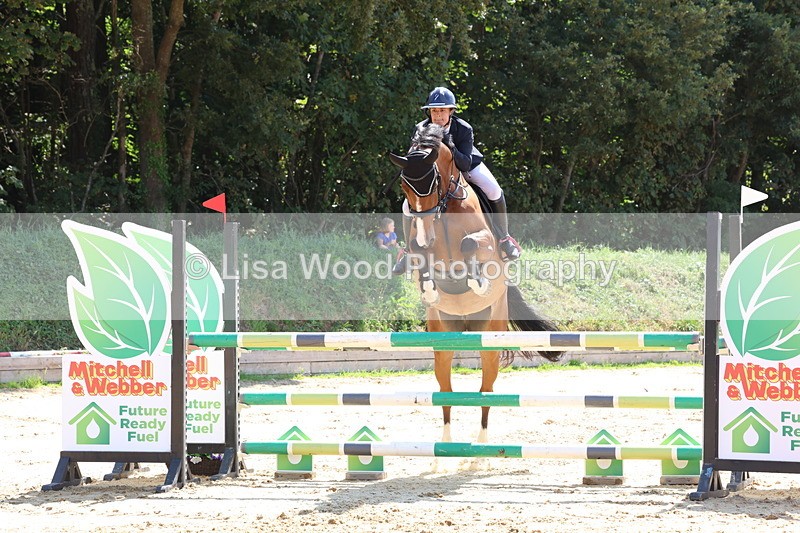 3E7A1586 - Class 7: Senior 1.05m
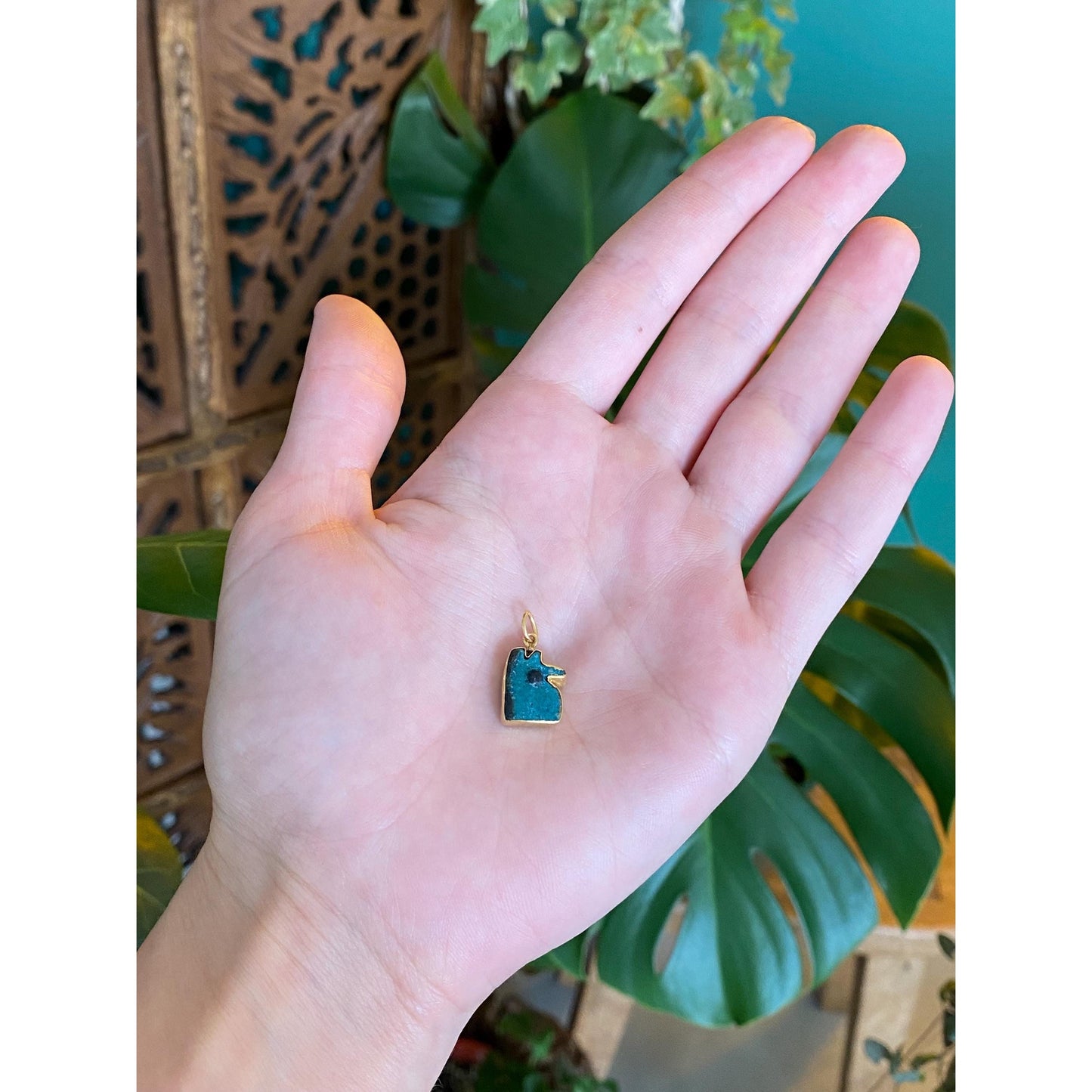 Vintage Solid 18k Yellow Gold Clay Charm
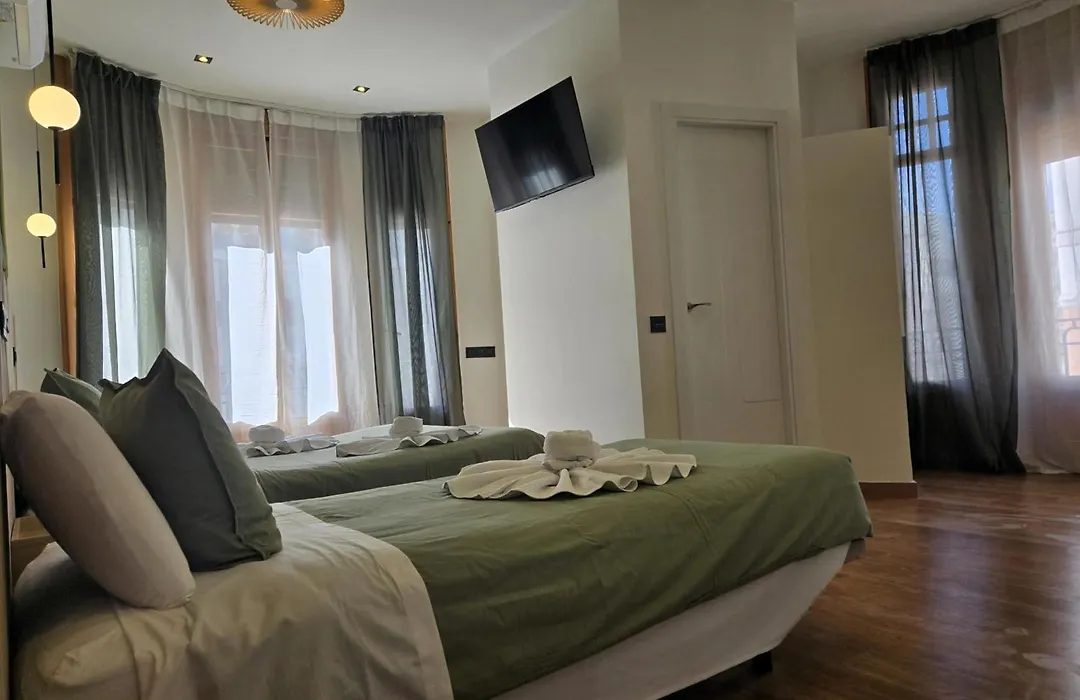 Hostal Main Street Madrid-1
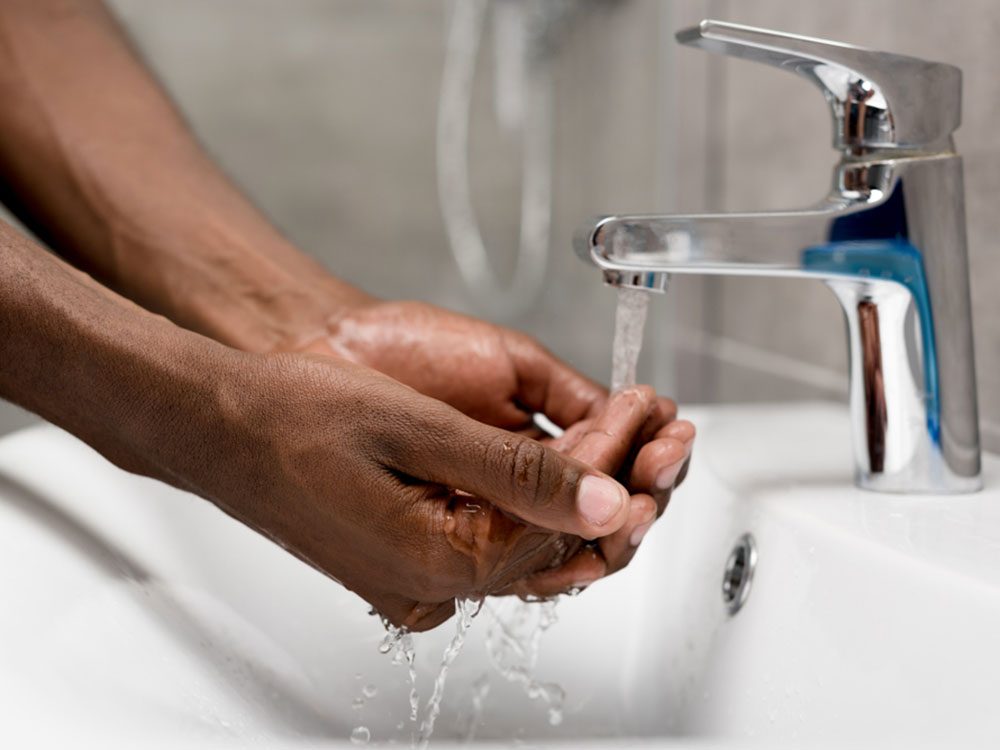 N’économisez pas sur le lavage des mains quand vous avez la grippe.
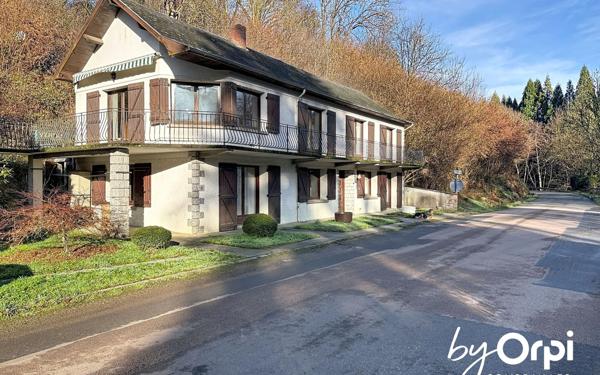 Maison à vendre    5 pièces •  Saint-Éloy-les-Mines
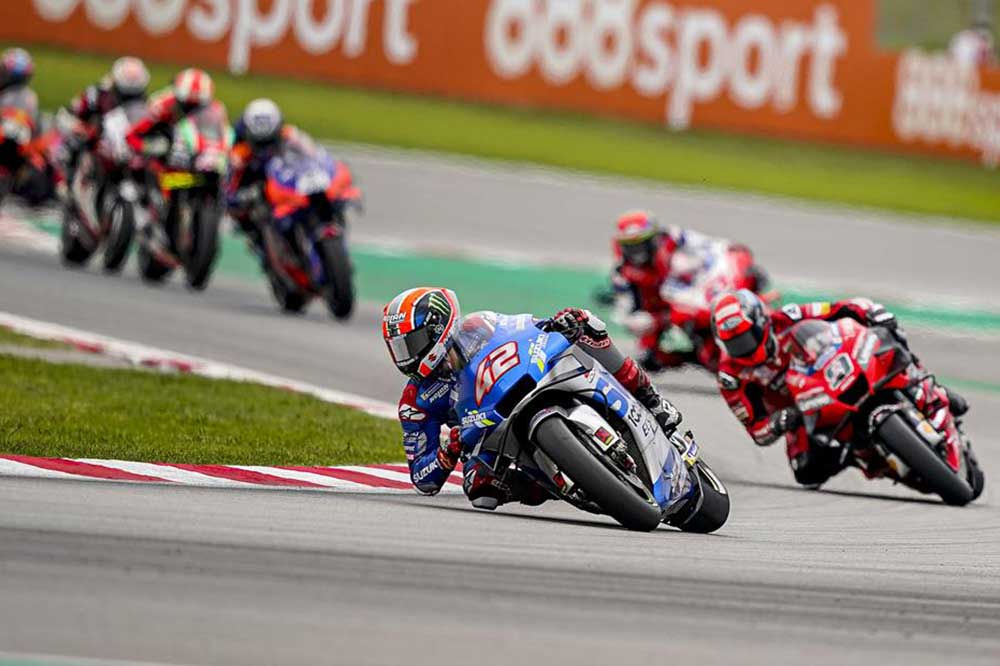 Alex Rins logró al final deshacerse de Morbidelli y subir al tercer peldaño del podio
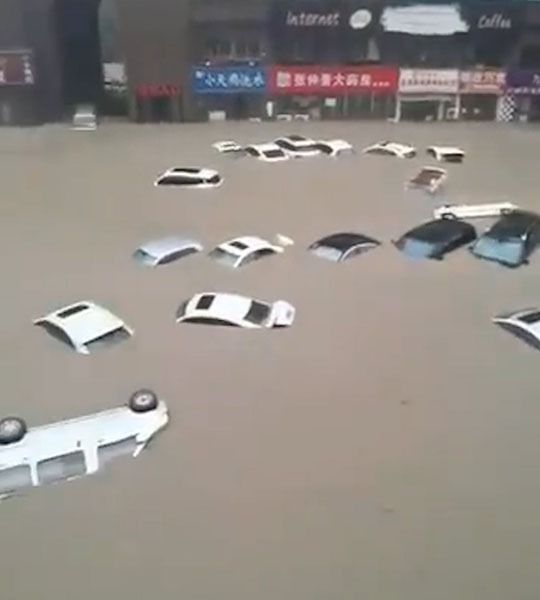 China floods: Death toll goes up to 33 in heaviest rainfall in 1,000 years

####

- _Goal of the exercise_
For the material above, give every line again exactly and leave out the pictures.

- _Exercise solution_
 3E7A1586 - Class 7: Senior 1.05m
 Vintage Solid 18k Yellow Gold Clay Charm
 Hostal Main Street Madrid-1
 N’économisez pas sur le lavage des mains quand vous avez la grippe.
 Maison à vendre    5 pièces •  Saint-Éloy-les-Mines
 Alex Rins logró al final deshacerse de Morbidelli y subir al tercer peldaño del podio
 China floods: Death toll goes up to 33 in heaviest rainfall in 1,000 years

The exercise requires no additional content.